Counterarguments: Blogs Still Alive

  • Several commenters say they read more blogs than ever via RSS/feeds, often self-hosted, and avoid Substack/Medium or social media.
  • Blog-writing is framed as a niche hobby that was always niche; like fountain pens or bikes, it shrank back from mainstream but remains vibrant for enthusiasts.
  • The “blogosphere is dead” narrative is seen by some as overgeneralizing from one writer’s retirement.

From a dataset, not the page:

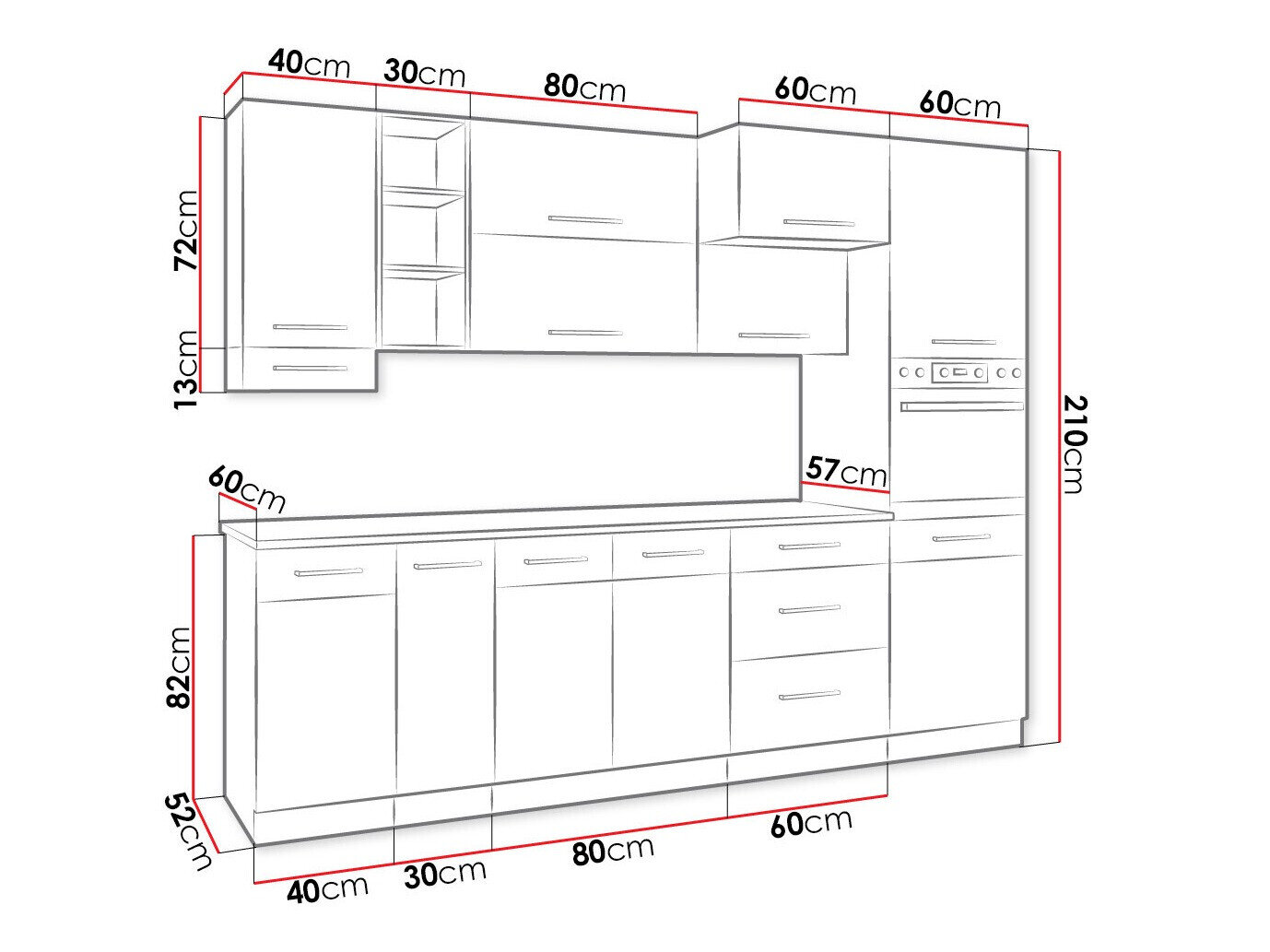 Modulkøkkensæt Wood Grey 136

Shift to Cozyweb and Private Spaces

  • There’s agreement that public spaces are giving way to private or semi-private ones: Discords, chats, small forums, email lists, Substack-like platforms.
  • Teens are reported to favor small Discord servers tied to gaming over mainstream social media.
  • Some worry this retreat harms the public intellectual commons and reduces cross-pollination of ideas.

Platform Dynamics and Moderation

  • Smaller or underfunded platforms struggle with moderation and can be overwhelmed by spam, porn, or fringe communities.
  • Large platforms use heavy, often politically inflected or algorithmic moderation; some predict a TikTok-style future dominated by automated filtering.
  • AI-driven astroturfing and ideological bots are viewed as a growing threat to public discussion.
  • Proposals appear for “distributed moderation,” where users subscribe to moderation/curation feeds rather than rely on a single platform authority.

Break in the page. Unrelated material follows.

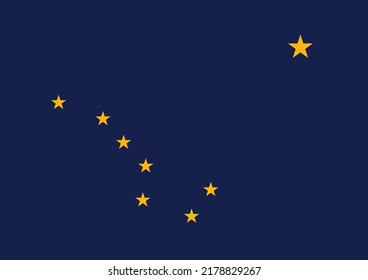 Vector de bandera estatal de Alaska Ilustración Estrellas amarillas en Blue BAckground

Hacker News and Community Quality

  • Long-running debate: some insist discussion quality here has declined, others see it as stable or even improved.
  • Suggested explanations include user aging, changing personal expectations, evaporative cooling (old regulars leaving), and the same scale/quality tension seen elsewhere.
  • The minimalist, text-heavy UI and strong human moderation are credited with keeping quality relatively high and repelling many low-effort users.

Broader Internet & Cultural Concerns

  • Smartphones and ubiquitous Wikipedia changed social behavior (e.g., killing bar arguments), analogous to how AI might now absorb some “thinking out loud” once done in blogs.
  • Several commenters describe today’s web as fragmented, over-monetized, buggy, and dominated by attention-harvesting, political polarization, and algorithmic feeds.
  • There is both nostalgia for the earlier open web and resignation that niches, “cozyweb” spaces, and personal curation (RSS, self-hosted readers) are the practical way forward.

Personal Reflections on This Blog’s Role

  • Many credit the retiring blog and its notable series (e.g., on office politics and management archetypes) with shaping their thinking and careers.
  • Some critique the framing that its end proves a civilizational shift, seeing it more as individual burnout and life-stage change than proof that blogging as a whole is over.